Excerpts from a dataset:
========================================

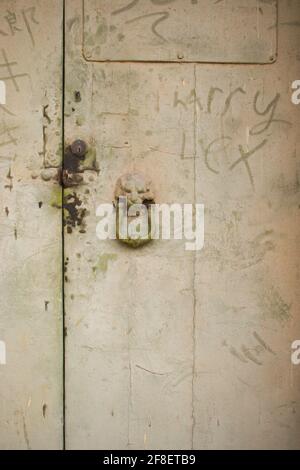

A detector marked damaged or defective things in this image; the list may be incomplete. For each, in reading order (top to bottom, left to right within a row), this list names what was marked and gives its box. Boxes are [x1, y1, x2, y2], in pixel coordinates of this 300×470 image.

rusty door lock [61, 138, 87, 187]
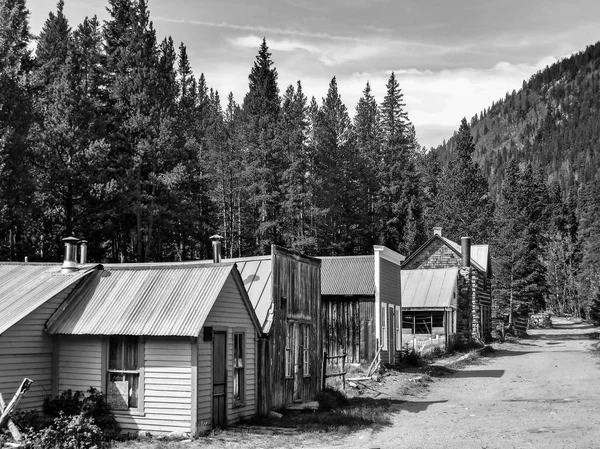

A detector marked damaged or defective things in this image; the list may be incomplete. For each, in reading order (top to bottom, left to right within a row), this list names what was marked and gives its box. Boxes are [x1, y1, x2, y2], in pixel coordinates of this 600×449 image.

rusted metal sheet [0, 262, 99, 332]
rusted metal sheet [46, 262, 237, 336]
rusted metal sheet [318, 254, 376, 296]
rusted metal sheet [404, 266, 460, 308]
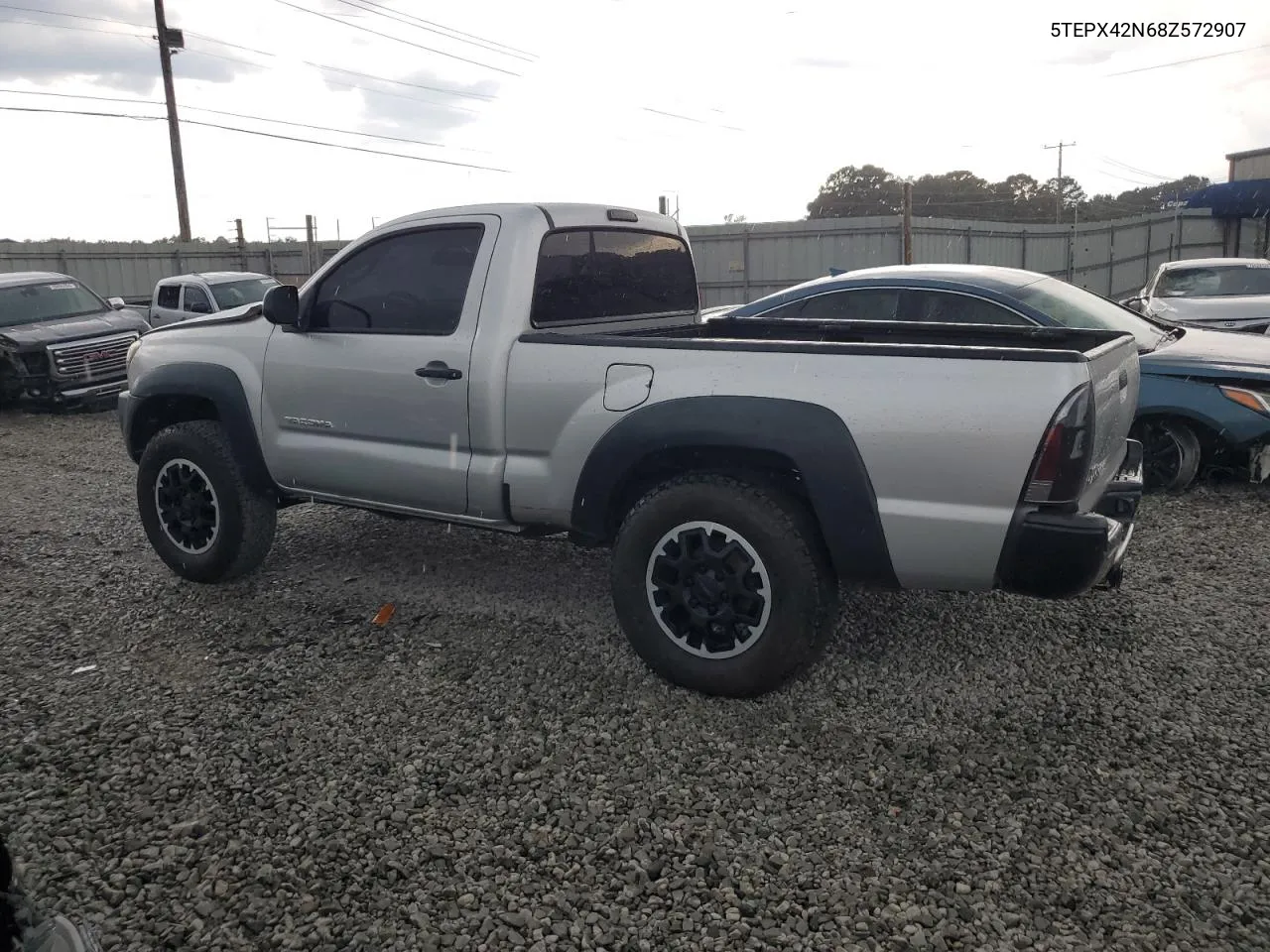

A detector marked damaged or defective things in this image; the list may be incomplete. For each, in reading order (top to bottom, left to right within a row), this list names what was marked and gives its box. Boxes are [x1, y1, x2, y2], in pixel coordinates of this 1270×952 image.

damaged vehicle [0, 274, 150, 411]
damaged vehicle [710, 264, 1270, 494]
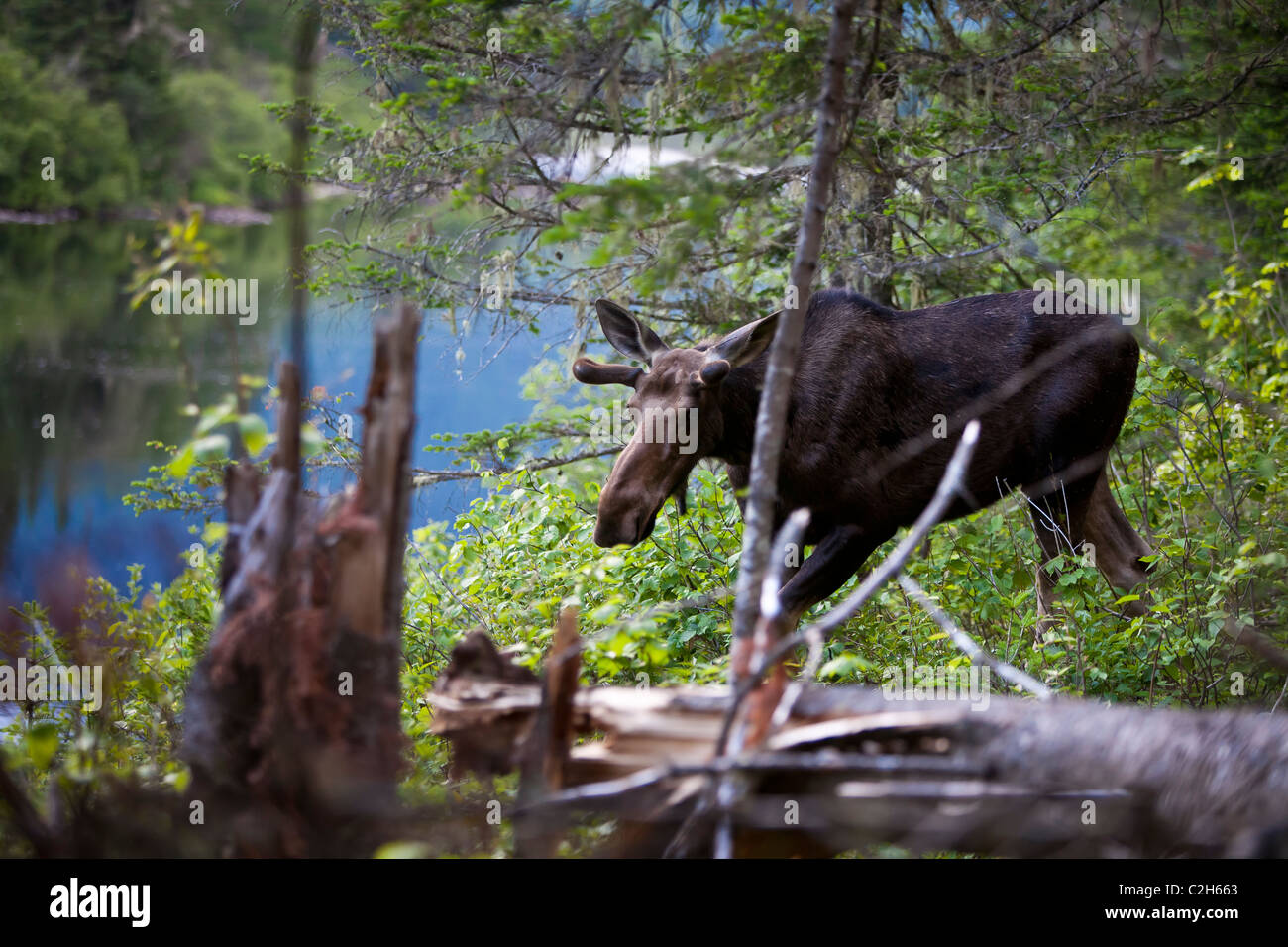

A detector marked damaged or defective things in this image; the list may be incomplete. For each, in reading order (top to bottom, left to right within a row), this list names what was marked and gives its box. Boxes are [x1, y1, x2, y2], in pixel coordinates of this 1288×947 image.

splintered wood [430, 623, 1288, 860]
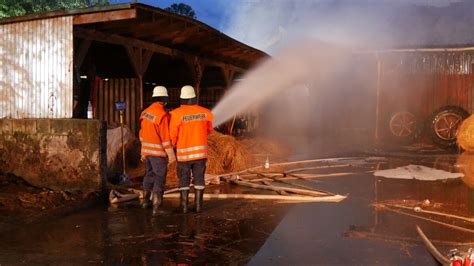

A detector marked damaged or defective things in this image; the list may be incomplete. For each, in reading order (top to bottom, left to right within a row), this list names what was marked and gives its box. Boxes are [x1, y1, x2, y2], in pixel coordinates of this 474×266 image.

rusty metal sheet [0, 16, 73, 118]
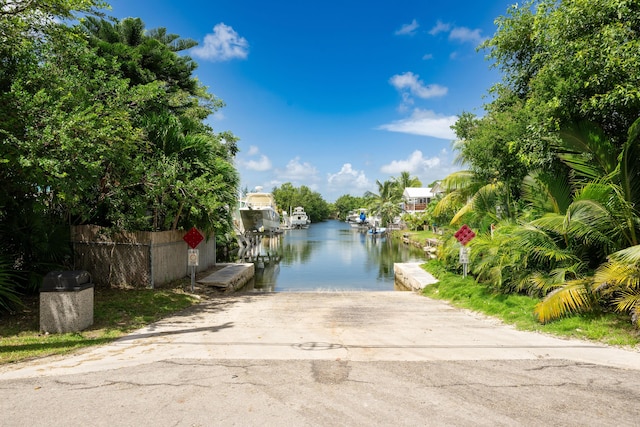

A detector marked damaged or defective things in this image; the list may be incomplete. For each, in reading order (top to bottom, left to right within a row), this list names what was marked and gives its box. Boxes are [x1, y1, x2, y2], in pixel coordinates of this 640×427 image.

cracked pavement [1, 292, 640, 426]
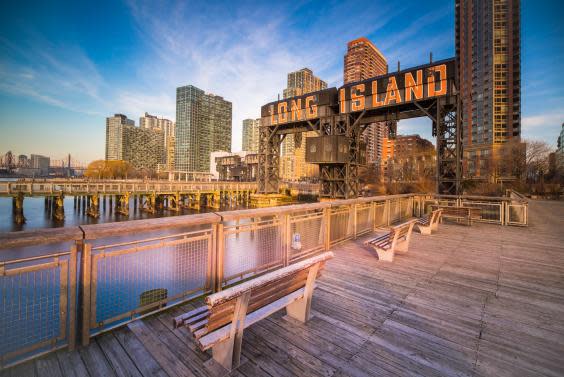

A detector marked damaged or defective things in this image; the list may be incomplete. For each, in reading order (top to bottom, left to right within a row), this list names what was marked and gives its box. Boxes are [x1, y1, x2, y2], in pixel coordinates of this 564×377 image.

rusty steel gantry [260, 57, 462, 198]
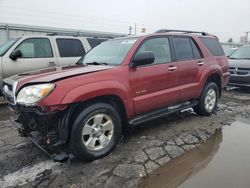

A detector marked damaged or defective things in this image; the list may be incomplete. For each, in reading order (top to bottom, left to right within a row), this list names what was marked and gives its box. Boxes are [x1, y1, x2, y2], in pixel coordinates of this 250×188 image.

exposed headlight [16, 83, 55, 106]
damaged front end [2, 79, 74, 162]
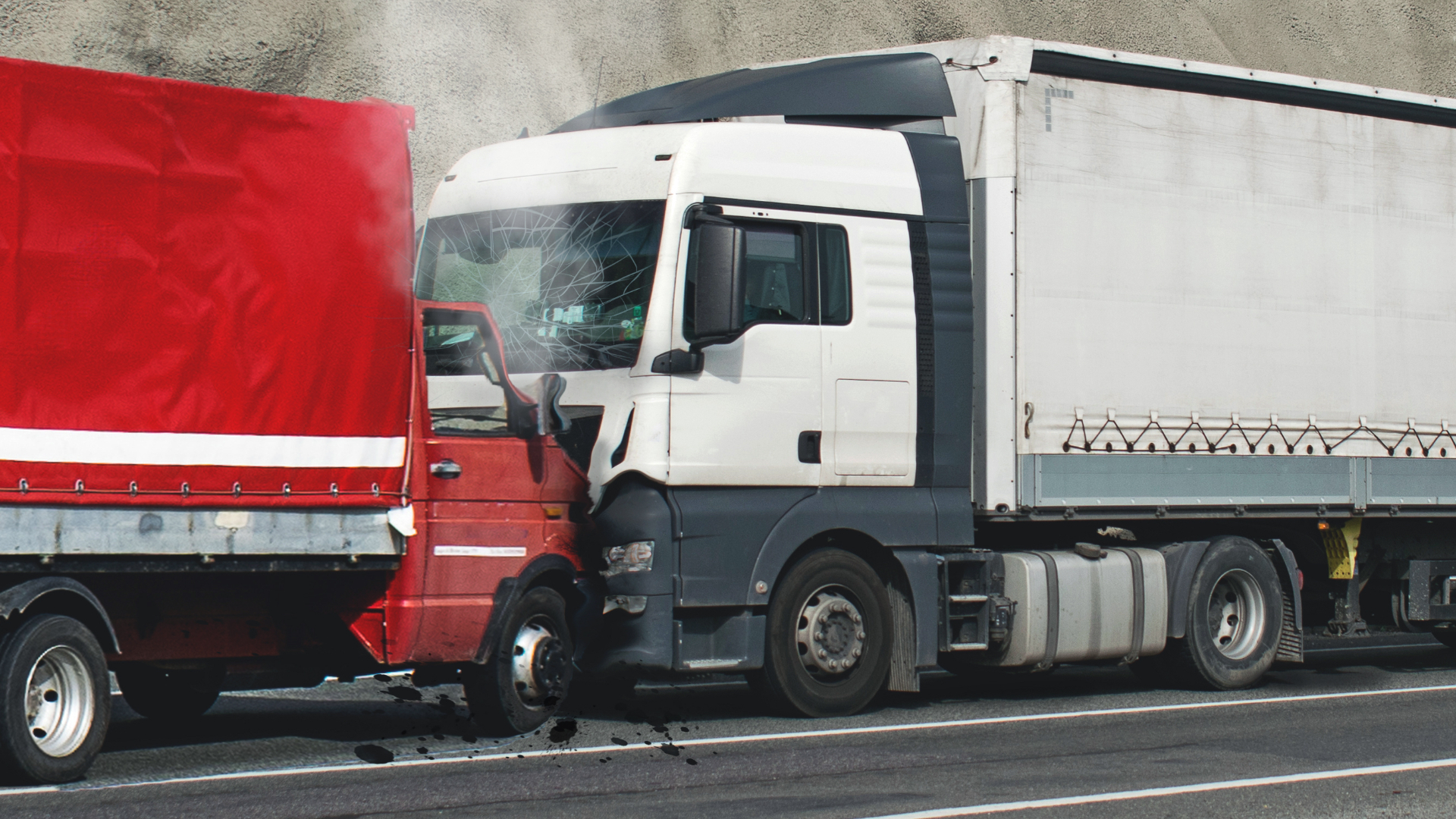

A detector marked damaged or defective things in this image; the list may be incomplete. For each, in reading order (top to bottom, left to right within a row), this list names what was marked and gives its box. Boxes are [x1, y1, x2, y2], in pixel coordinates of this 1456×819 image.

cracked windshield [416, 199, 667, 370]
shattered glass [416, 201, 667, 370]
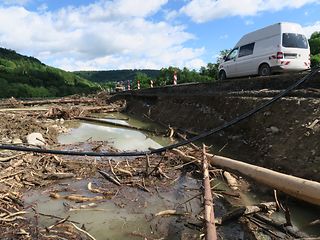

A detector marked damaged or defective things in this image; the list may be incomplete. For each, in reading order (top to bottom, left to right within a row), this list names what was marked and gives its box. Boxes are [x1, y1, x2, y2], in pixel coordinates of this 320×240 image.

========================================

# Brief
Could you set down exactly, and only, the lines from the line containing "this 250×188 image." through the last line of the records, both included, without the pictures?

# Answer to this task
A detector marked damaged or defective things in this image; the list may be incomplete. For each, in reading order (top to bottom, left to right within a row), this list names what was marked and gives its box. Boxes are [x1, y1, x2, y2], in pixel coordinates of this 250×188 image.

exposed headlight [16, 83, 55, 106]
damaged front end [2, 79, 74, 162]

A detector marked damaged or defective things in this image; the list may be incomplete. For each, in reading order (top to bottom, left to right within a row), this list names what was marked and gives its box. Boxes are [x1, y1, x2, y2], in pixel coordinates of this 1456×819 image.

cracked windshield [416, 199, 667, 370]
shattered glass [416, 201, 667, 370]

A detector marked damaged or defective things in this image; the list may be incomplete. For each, in reading order (top to bottom, left to right within a row), this list names what was marked and gives its box. Boxes are [x1, y1, x2, y2], in pixel coordinates of this 320×240 image.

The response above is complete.